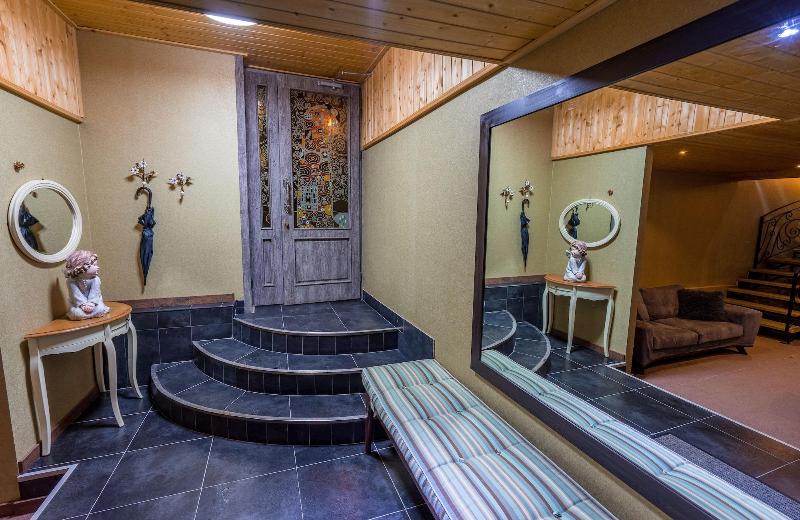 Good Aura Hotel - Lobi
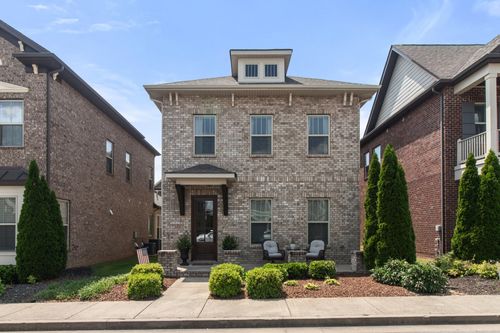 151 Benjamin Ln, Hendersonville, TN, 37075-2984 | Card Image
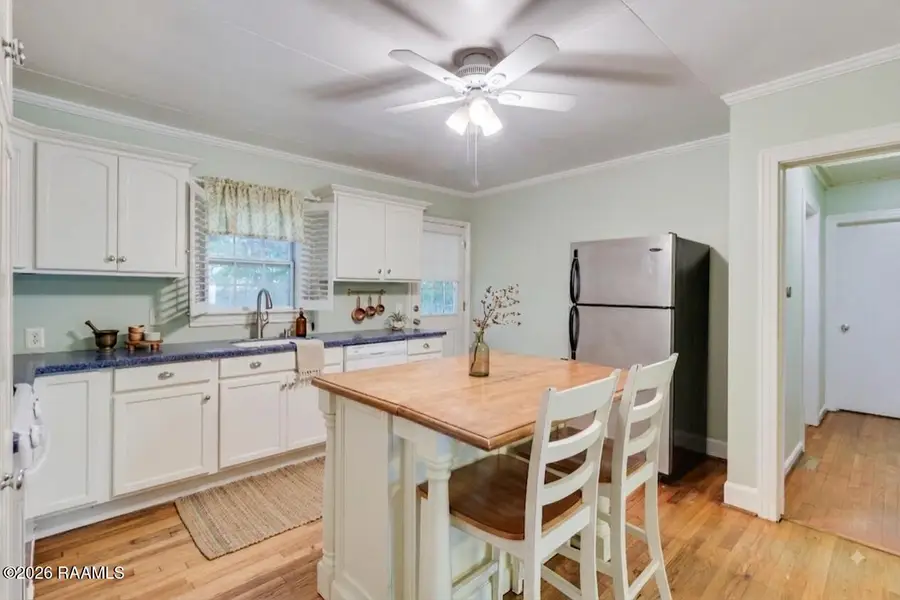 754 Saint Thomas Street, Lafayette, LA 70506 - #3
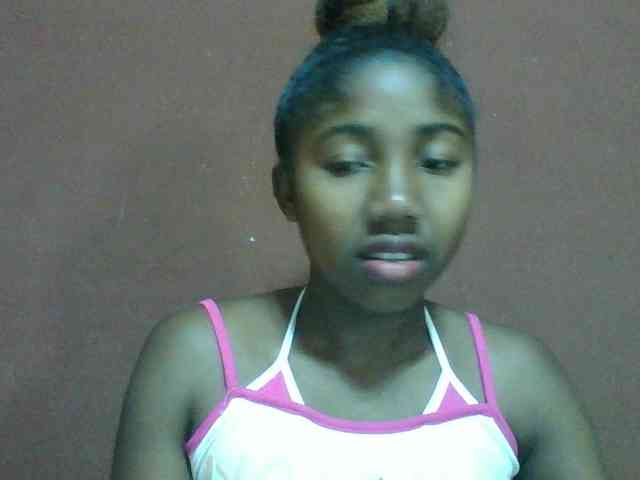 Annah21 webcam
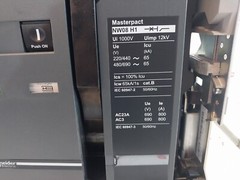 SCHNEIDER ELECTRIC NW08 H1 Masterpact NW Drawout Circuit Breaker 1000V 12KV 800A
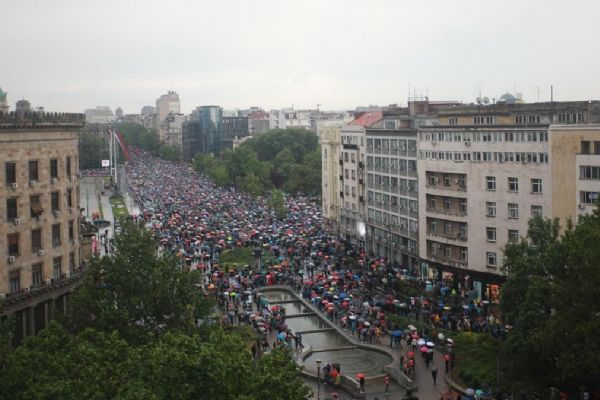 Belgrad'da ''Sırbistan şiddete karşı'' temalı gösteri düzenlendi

AIM OF THE EXERCISE ::
The lines to retype run from the one containing "151 Benjamin Ln, Hendersonville, TN, 37075-2984" through the last line of the records above; write them exactly and skip the pictures.

WRITTEN REPLY ::
 151 Benjamin Ln, Hendersonville, TN, 37075-2984 | Card Image
 754 Saint Thomas Street, Lafayette, LA 70506 - #3
 Annah21 webcam
 SCHNEIDER ELECTRIC NW08 H1 Masterpact NW Drawout Circuit Breaker 1000V 12KV 800A
 Belgrad'da ''Sırbistan şiddete karşı'' temalı gösteri düzenlendi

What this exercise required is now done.